Filmmaker Errol Morris is known for his probing documentaries. His breakout film The Thin Blue Line (1988) investigated the framing of an innocent man by a corrupt police force. In 2003, Morris won the Oscar for his film The Fog of War, an indepth look at former U.S. Secretary of Defense Robert McNamara and the quagmire of U.S. military intervention in Vietnam.
Now, Morris has turned his investigative lens on the Trump administration’s “zero-tolerance” border enforcement policy that separated immigrant families and put children in cages. His film, Separated, weaves together interviews with administration officials, government emails and re-enactments for a forensic look at the Trump administration’s child separation policy, and how it could happen again if Trump is elected again.
Trump kicked off his 2016 presidential campaign railing against illegal immigrants, whom he accused of bringing drugs and crime to America. While these accusations are false and abhorrent, Trump’s anti-immigrant rhetoric was well received at his rallies. Campaign adviser and future administration official Stephen Miller was largely responsible for this xenophobic and nativist platform, which amplified Trump’s own racist views.
Started on day one
Once Trump was elected, the administration, with Miller ‘s guidance, began implementing anti-immigration policies right out of the gate, including the “Muslim travel ban,” the end of Deferred Action for Childhood Arrivals program, and pilot programs for border enforcement in El Paso, Texas, and Yuma, Ariz., which included child separation.

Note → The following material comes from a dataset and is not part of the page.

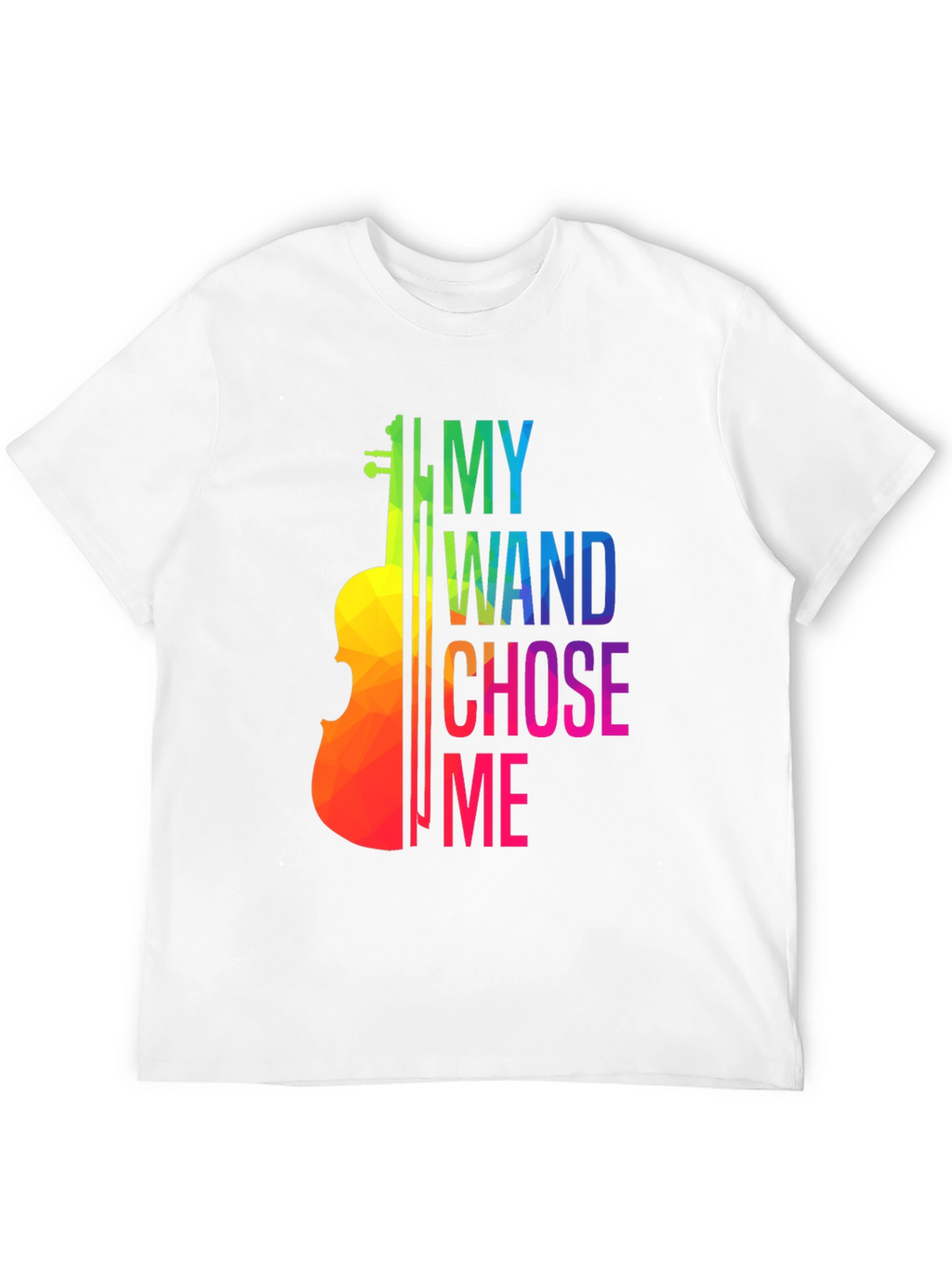 Violin Lover T-Shirt: My Wand Chose Me Musician Tee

“What amazed me is that separation started almost as soon as (Trump) assumed the presidency,” Morris said in an interview with Variety. “They were separating families from the very, very, very, very beginning, and denying it, denying that they were doing it, because they realized that these policies were wrong or embarrassing or politically problematic.”
Under orders from the Department of Homeland Security, border officials in El Paso detained and criminally charged parents who crossed the border illegally. This was true even if it was their first border crossing violation (formerly a misdemeanor), and even if migrants arrived at official ports of entry. Customs and Border Protection officers seized any young children who came with their parents, reclassified them as “unaccompanied,” and sent them to one of the hundred Office of Refugee Resettlement shelters around the country.
The government had no plan in place to reunite these children with their parents.
“They created a situation where the records are paltry or nonexistent,” Morris said. “At the heart of this film is not so much a migrant story, but a story of a bureaucracy and an administration.”
Testimony from a career official
Jonathan White was one of the few government officials willing to be interviewed in Separated about the child separation policy.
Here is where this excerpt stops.